NURSING CARE: SICKLE CELL ANEMIA
Sickle cell anemia is the homozygous and most common form of sickle cell disease. Sickle cell anemia is an
inherited, autosomal-recessive genetic disorder that affects the red blood cells (RBCs), which become acutely
sickle-shaped, occluding small blood vessels (blocking blood flow) causing pain and decreased function. The
child must receive the autosomal-recessive gene from both parents in order to have sickle cell anemia. If a
child has sickle cell trait, then the child inherited the gene from one parent but is asymptomatic.
Sickle Cell Genetics
A newly-married couple, who are both carriers of the sickle cell trait, ask what the risk is of their children
having sickle cell anemia. What is the best response by the nurse?
Sickle cell anemia is an autosomal recessive condition requiring the gene from both parents. When both
parents are carriers, each pregnancy presents with a 25% chance that a child will be born with the disease and
a 50% chance that the child will have the sickle cell trait.
Risk Factors
A nurse is teaching the parents of a child with sickle cell disease about factors that predispose the child to a
sickle cell crisis. The nurse determines that the teaching was successful when the parents identify what as a
factor?
The body’s response to infection can trigger a sickle cell crisis. Avoid infection by practicing good hand hygiene
and avoiding individuals who are ill. Receive early treatment for infections as fever can trigger a crisis.
Sickle Cell Disease Manifestation
In a child diagnosed with sickle cell disease, which clinical manifestations would the nurse most likely see?
Select all that apply.
Clinical manifestations of sickle cell disease are:
• acute pain due to blocked blood vessels and tissue ischemia in the:
• extremities, especially the hands, feet, and joints because of the smaller capillaries and reduced
blood flow to those areas
• abdomen
• chest
• liver - jaundice and hepatic coma
• kidney - hematuria and impaired function
• brain - stroke
• genitalia - painful erection (priapism)
• shortness of breath, fatigue
• pallor, pale mucous membranes
• jaundice
• hands and feet cool to the touch
• dizziness
• headache
Sickle Cell Anemia
Sickle cell anemia is a congenital hemolytic disease resulting from a defective hemoglobin molecule (Hgb S)
that causes red blood cells (RBCs) to become sickle-shaped. Sickle cell anemia is a chronic illness with distress
, resulting from blocked and inadequate circulation and tissue/organ damage that causes pain over time, organ
failure, and death.
Pathophysiology
The pathology of sickle cell anemia is that the RBCs become rigid, rough, and elongated, forming a crescent or
sickle shape. This process is called sickling, which can produce hemolysis (cell destruction). The altered cells
accumulate in capillaries and smaller blood vessels, making the blood more viscous. Normal circulation is
impaired, causing pain, tissue ischemia and infarctions, and swelling.
Risk Factors
Sickle cell anemia is an autosomal recessive condition requiring genes from both parents. When both parents
are carriers, each pregnancy presents a 25% chance that a child will be born with the disease and a 50%
chance that the child will have the sickle cell trait.

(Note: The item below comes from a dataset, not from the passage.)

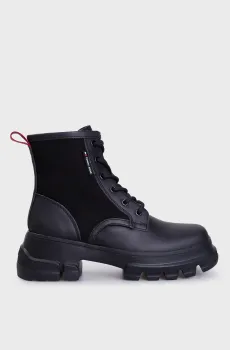 Женские черные кожаные ботинки TJW CHUNKY LACE UP BOOT MIX MAT Черный 37 Tommy Jeans EN0EN02554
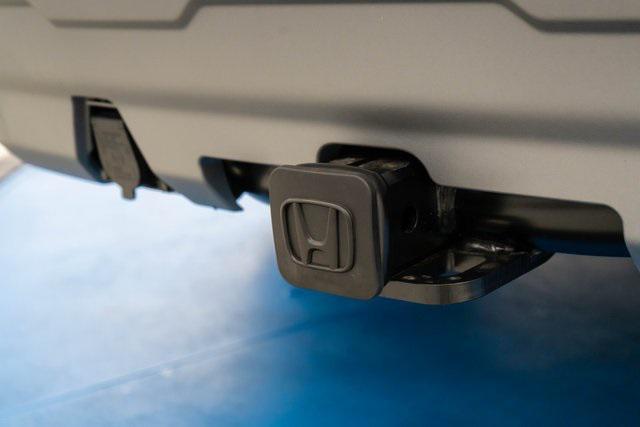 new 2025 Honda Pilot car, priced at $47,095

Sickle cell anemia primarily affects African-Americans, but may also be seen in those of Mediterranean,
Indian, Middle Eastern or Hispanic descent.
Sickle Cell Crisis
Children with sickle cell disease have three types of problems or crisis episodes. A crisis episode can be the
result of:
Vaso-Occlusive Crisis
• This is the most common, non-life-threatening crisis related to blocked blood flow (ischemia) of tissues
and bone from sickling.
• Blood stasis causes ischemia and infarction. Seriousness of sequalae depends upon the site of the
occlusive crisis.
• Acute (related to dehydration and decreased oxygen) vaso-occlusive crisis:
o Severe pain, usually in bones, joints, and abdomen but can be located anywhere on the body
(e.g. low back pain)
o Hematuria
o Obstructive jaundice
o Visual disturbances
o Tissue engorgement
Sequestration
• This is a potentially life-threatening crisis where there is excessive pooling of blood primarily in the
spleen (splenomegaly) and sometimes in the liver (hepatomegaly) resulting in lethargy, pallor, and
hypovolemia which can progress to shock.
• Hypovolemic shock signs include irritability, tachycardia, pallor, decreased urinary output, tachypnea,
cool extremities, thready pulse, and hypotension.
Aplastic Crisis
• This results from an extreme drop/reduction in red blood cells (RBCs; bone marrow suppression– often
a vital trigger) leading to anemia, pallor, lethargy, sleepiness, and dyspnea.